31.08 – 24.09.2016
A solo painting exhibition by Heidi Fourie.
“Painterly marks not only make up subjects but are subjects in themselves.” Heidi Fourie is constantly rethinking the notion of ‘the painting.’ She is very much inspired by the nature of the medium, embracing painting’s inherent language of mark-making to explore the balance of order and chaos, control and uncontrollability, figuration and its negation in the picture plane.
Fourie completed her BA Fine Arts (cum laude) in 2012 at the University of Pretoria. She has participated in a number of group exhibitions in Pretoria, Johannesburg, Cape Town, Port Elizabeth and Antwerp. She has also been a finalist in Sasol New Signatures (2011, 2013), ABSA l’Atelier (2013, 2014), Thami Mnyele Fine Art Awards (2012, 2013) and Sanlam Portrait Awards (2013, 2015). Her subject matter is selected from daily encounters with environments or existing media such as film and virtual spaces. She has recently started exploring the Internet as an alternative and somewhat distorted means of travel and exploration, while some paintings are based on physical travels and scenes from the garden of her childhood home. “All of the places depicted, whether found virtually or on physical visits, are borrowed from its owners and transformed into new fictional spaces”. The scenes display various degrees of human interference.

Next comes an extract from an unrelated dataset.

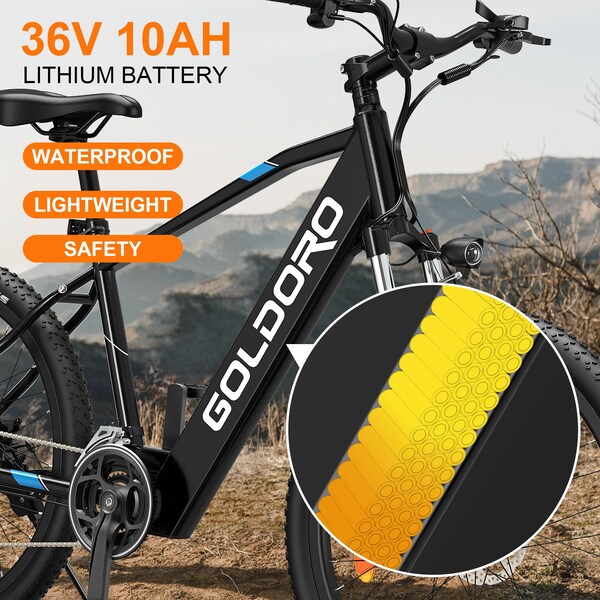 Goldoro X7 350W 26in Electric Mountain Bike, Black - EB26X7-BK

From the garden in which I spent my childhood, to other people’s gardens and land, to steal-shots from virtually recorded public spaces, I searched relentlessly for scenes to translate into interesting and perhaps puzzling or unsettling paintings. Visiting all these spaces I felt myself a spectator, finding everything in a predetermined state co-designed by nature and its respective owners. Most of the scenes display some degree of human intervention and were perhaps even abandoned halfway through construction or underwent some decay. When I begin to paint I start to become an active participant in the landscape design, and the scene becomes detached from its geographical origins and become a fiction.
When choosing subjects I look for forms which lend themselves to specific approaches to mark making and keep the act of painting and the nature of oil paint in mind. I felt like a child at play in a vast and infinite garden, with something interesting and daunting behind every corner driven by curiosity and wonder. My father’s garden thus seemed an appropriate setting or playground, as although the lay of the land and geographical features have stayed the same throughout my experiences of it, Vegetation has constantly been redesigned and went through cycles of being improved upon and seasonal neglect. Exploring this garden after a year of living elsewhere, it seemed an unfamiliar place with an uncanny familiarity especially under the veil of darkness.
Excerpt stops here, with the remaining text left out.